* [SUPPLIED DATA]

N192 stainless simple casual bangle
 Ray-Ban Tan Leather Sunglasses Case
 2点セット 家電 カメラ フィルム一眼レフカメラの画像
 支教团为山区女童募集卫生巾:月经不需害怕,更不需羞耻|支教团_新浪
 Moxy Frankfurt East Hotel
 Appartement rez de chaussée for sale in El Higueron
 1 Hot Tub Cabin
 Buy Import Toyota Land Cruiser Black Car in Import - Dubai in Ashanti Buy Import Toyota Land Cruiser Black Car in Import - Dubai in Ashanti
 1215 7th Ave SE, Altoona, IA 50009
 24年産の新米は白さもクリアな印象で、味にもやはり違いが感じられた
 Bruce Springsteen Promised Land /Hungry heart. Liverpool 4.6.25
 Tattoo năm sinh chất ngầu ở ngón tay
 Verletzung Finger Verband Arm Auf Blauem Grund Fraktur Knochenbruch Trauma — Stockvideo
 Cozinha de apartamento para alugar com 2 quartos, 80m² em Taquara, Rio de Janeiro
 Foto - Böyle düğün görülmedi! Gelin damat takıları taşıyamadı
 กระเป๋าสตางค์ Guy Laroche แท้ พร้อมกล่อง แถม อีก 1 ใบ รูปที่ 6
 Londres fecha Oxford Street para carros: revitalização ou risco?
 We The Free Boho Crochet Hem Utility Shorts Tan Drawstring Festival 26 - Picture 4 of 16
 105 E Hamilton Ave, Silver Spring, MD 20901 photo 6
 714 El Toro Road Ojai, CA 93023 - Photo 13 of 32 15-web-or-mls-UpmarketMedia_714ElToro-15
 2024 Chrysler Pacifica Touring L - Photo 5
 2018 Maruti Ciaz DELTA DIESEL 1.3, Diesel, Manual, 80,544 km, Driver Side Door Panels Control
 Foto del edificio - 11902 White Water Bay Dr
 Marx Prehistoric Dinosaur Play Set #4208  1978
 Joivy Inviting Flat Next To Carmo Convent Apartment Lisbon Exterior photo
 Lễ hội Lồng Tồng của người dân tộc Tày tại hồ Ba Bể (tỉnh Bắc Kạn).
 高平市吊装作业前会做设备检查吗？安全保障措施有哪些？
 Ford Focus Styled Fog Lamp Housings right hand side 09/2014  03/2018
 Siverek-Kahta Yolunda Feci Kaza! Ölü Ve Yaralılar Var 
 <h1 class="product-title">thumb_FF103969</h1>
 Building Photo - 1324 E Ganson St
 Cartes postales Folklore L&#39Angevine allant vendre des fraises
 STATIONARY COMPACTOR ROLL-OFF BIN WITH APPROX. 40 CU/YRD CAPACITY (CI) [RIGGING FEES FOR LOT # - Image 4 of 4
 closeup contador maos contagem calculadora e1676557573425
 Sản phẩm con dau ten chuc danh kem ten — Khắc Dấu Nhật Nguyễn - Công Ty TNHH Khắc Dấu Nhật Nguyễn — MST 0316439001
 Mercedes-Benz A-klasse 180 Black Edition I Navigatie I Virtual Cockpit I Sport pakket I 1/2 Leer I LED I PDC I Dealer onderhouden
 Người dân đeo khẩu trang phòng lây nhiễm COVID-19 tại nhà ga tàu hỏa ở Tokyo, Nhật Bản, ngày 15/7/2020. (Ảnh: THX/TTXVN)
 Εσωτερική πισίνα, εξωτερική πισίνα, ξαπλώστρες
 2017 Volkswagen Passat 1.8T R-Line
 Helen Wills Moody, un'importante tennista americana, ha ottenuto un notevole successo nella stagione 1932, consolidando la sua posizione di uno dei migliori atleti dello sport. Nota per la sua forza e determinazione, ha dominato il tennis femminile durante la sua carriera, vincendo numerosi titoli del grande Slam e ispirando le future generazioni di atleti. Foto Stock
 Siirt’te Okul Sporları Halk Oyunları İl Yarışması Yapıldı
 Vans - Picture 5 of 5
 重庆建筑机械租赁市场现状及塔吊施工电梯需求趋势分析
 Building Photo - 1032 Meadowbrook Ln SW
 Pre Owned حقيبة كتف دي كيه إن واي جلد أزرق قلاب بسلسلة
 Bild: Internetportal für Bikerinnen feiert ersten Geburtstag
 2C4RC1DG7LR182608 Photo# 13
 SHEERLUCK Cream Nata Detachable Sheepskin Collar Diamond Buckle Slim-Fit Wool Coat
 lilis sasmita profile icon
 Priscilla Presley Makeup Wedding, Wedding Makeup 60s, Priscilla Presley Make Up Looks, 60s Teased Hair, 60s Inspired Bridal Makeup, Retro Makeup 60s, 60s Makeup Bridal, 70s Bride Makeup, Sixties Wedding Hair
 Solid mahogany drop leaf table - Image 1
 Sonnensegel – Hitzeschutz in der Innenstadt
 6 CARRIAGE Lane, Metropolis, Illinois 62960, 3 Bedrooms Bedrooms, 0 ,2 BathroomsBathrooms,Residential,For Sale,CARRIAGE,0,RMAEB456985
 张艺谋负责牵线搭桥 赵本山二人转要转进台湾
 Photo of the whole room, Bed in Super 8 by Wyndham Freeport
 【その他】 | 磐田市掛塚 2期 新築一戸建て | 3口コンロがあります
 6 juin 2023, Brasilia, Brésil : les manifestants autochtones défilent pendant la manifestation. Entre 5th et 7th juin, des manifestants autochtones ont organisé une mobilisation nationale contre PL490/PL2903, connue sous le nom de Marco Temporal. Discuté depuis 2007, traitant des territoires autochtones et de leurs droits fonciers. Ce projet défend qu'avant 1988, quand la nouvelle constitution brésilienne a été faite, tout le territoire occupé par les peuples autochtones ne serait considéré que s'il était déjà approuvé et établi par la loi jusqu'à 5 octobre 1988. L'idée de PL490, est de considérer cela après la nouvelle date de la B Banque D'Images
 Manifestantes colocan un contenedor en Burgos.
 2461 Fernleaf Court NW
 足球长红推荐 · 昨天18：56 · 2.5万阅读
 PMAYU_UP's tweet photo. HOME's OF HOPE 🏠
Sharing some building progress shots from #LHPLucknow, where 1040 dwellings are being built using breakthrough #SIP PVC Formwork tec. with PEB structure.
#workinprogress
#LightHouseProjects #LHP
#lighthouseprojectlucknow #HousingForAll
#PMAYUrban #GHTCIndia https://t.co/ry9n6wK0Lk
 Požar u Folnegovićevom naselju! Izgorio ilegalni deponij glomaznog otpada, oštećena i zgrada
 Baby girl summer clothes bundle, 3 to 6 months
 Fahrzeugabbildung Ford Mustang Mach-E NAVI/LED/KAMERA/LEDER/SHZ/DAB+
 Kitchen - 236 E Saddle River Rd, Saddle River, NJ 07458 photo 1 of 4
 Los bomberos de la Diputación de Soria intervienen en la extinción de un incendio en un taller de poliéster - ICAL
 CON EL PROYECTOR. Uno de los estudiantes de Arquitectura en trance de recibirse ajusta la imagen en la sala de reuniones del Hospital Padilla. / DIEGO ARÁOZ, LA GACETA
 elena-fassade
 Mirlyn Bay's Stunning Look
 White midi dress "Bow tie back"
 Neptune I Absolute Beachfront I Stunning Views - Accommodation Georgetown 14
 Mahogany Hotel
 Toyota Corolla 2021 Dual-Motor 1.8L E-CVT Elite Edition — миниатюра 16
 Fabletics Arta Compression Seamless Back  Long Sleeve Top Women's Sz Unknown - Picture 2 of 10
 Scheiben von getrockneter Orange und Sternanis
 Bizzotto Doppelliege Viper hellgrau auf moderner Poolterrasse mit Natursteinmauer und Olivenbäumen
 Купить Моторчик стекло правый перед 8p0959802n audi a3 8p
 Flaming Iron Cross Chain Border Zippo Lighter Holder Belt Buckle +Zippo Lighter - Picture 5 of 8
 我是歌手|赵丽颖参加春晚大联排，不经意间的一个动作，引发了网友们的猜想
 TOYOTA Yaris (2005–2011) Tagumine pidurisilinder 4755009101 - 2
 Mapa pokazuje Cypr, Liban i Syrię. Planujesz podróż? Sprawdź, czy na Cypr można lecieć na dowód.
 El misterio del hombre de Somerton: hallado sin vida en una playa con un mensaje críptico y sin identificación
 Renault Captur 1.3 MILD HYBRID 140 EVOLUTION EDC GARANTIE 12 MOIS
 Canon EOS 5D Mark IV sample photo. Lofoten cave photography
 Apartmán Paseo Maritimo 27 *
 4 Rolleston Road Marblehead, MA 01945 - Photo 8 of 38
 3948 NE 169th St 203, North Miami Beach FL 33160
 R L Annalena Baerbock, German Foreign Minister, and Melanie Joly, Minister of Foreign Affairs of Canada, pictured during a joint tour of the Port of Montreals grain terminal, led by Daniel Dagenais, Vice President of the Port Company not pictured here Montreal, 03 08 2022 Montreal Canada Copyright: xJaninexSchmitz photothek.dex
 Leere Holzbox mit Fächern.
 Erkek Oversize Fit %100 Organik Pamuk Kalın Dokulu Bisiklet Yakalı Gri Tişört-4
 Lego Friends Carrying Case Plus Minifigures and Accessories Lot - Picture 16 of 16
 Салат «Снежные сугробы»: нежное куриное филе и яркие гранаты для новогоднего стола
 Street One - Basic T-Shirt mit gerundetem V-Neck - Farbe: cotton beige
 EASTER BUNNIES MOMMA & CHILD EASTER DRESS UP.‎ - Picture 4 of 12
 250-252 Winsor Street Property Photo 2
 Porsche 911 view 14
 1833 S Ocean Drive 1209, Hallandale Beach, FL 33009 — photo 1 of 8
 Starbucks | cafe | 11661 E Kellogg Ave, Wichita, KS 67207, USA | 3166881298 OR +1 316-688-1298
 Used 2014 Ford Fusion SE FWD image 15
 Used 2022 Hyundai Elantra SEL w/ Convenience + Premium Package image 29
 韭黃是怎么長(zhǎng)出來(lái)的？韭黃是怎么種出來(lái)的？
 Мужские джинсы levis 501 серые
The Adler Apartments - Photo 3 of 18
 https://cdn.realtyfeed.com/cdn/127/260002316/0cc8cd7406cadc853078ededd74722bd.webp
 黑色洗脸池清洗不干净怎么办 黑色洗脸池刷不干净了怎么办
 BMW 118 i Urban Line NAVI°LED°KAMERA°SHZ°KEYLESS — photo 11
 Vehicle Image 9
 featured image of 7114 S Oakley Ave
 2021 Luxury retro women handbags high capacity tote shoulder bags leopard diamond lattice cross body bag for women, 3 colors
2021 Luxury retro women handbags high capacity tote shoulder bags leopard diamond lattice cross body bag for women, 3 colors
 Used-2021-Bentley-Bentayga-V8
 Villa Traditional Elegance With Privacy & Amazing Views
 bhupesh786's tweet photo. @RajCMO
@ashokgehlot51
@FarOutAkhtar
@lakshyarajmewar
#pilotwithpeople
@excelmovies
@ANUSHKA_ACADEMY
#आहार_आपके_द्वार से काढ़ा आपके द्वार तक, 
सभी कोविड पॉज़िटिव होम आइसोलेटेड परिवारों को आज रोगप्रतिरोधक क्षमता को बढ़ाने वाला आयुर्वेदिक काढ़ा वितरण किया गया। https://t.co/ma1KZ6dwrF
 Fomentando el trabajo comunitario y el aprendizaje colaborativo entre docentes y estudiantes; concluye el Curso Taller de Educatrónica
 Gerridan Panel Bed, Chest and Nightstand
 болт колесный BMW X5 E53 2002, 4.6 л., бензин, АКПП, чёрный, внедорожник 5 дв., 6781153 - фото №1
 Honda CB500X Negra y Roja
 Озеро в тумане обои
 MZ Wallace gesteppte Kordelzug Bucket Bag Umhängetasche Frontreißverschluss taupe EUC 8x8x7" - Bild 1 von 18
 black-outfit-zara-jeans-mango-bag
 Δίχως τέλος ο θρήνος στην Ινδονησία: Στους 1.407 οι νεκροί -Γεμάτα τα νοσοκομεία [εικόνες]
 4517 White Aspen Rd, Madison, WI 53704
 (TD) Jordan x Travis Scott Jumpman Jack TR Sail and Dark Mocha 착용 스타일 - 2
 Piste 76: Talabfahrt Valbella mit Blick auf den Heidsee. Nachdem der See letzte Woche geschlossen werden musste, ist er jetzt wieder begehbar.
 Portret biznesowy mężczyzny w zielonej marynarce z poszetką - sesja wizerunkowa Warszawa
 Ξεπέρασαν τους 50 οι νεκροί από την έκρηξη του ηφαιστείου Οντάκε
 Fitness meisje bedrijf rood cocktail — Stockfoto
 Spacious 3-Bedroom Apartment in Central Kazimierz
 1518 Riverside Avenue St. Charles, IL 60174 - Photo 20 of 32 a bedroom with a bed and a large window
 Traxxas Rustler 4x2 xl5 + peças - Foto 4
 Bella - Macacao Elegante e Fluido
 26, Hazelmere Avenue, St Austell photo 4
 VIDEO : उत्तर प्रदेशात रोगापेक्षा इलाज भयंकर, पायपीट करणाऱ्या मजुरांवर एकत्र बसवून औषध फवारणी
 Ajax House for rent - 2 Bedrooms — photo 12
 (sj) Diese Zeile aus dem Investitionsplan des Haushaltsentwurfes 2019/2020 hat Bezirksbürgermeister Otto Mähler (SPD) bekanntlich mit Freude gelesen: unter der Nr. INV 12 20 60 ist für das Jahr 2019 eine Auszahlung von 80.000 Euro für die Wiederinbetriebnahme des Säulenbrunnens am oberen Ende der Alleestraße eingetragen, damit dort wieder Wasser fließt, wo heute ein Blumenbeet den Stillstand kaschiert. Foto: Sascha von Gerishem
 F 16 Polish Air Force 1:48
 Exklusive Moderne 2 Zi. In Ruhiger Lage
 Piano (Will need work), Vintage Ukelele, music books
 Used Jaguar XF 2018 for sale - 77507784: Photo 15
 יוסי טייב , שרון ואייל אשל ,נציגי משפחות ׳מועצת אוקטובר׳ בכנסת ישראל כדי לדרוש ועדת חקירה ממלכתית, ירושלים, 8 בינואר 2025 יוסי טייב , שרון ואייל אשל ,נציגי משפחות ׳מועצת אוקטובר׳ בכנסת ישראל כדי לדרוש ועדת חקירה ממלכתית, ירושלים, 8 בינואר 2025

* [YOUR ASSIGNMENT] Scan the material above. Copy each line where "body" occurs.

* [EXPECTED OUTPUT]
 2021 Luxury retro women handbags high capacity tote shoulder bags leopard diamond lattice cross body bag for women, 3 colors
2021 Luxury retro women handbags high capacity tote shoulder bags leopard diamond lattice cross body bag for women, 3 colors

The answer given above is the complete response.